Investment trust boards are now increasingly conscious about the need for their company website to be an engaging, appealing and compelling proposition and a place where to linger.
This evolution of significance is quite removed from a pdf online of an annual report in days of old. Changing ownership patterns, a new demography, pension reform and the visible yardstick of PLC trading companies are raising the bar. Technology users have expectations for their journey to be easy, nimble and fun.
Winners of the AIC shareholder engagement awards in recent years included Martin Currie Global Portfolio Trust and Asset Value Investors, so this year’s winners once announced soon will be intriguing to see how new techniques and communication skills are deployed, especially as trust’s websites are metaphorical shop windows.
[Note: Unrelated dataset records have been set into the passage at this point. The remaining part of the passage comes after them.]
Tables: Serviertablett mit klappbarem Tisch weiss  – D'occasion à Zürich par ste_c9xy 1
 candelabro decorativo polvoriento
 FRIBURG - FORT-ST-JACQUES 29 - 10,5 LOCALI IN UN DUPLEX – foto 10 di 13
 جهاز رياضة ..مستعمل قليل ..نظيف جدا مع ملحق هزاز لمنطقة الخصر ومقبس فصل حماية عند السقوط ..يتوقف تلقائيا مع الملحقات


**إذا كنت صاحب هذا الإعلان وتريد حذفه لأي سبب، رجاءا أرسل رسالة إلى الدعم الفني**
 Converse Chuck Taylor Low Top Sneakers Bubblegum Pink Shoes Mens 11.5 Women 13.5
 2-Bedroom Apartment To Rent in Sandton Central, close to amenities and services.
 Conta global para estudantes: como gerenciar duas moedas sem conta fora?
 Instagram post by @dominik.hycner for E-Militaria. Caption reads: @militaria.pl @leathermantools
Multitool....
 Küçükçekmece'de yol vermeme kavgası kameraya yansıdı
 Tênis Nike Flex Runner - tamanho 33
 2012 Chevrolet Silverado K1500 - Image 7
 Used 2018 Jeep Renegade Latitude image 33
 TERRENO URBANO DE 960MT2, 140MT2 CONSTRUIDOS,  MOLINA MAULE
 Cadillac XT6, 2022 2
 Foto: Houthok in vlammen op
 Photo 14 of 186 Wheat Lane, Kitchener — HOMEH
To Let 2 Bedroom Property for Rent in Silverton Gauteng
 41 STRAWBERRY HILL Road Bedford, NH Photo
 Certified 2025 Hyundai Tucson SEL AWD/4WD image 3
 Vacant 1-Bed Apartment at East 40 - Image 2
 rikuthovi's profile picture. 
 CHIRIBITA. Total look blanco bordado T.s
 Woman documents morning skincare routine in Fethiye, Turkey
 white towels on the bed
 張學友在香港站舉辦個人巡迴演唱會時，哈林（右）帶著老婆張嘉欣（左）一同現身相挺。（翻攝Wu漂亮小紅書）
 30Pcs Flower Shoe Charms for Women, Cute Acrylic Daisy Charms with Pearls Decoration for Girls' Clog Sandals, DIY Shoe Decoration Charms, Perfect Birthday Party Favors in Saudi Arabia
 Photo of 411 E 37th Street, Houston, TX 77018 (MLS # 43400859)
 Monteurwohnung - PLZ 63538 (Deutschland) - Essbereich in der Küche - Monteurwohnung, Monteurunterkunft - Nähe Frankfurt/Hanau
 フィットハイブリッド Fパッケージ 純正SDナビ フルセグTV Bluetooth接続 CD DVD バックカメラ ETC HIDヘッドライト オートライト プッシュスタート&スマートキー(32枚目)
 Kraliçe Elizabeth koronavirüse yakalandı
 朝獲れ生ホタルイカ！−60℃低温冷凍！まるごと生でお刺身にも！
In practice, for enquirers, websites are not the primary portal for investor research. The websites themselves are typically destination sites for those who have already invested. So they perform a valuable function as a repository of key documents. But increasingly managers recognise that compelling individual corporate messages are critical on arrival, as all web users nowadays carry expectations of their discovery.
In some instances, it is easier for independent and smaller asset managers to score in the creative process here, as larger firms tend to adapt their mutual fund sites which have different constraints. Trusts are independent client companies and not just manager products with prefixed labels alone. This can pose strategic marketing questions on brand hierarchy and the relationship between the brands. Are the trusts “endorsed brands”, “standalone identities” or servants of the manager “master brand”? There are merits to define the leverage each brand identity contributes to attract visitors. In many instances, 75% of all visitors are “pulled” to the website by paid-for means, no longer is splendid isolation and a website just being published a sufficient reason for people to visit.
Visitors shorthand their digital experiences swiftly into definitions of appeal, engagement and their understanding. Insisting, as if a benefit, that this sector is, the old refrain, “investment trusts are the best kept secret in the City”, can nowadays sound a thin defence of lack of engagement. Competitor sites are after all just a keystroke away, inviting the invisible but powerful cohort of self-directed audiences to space.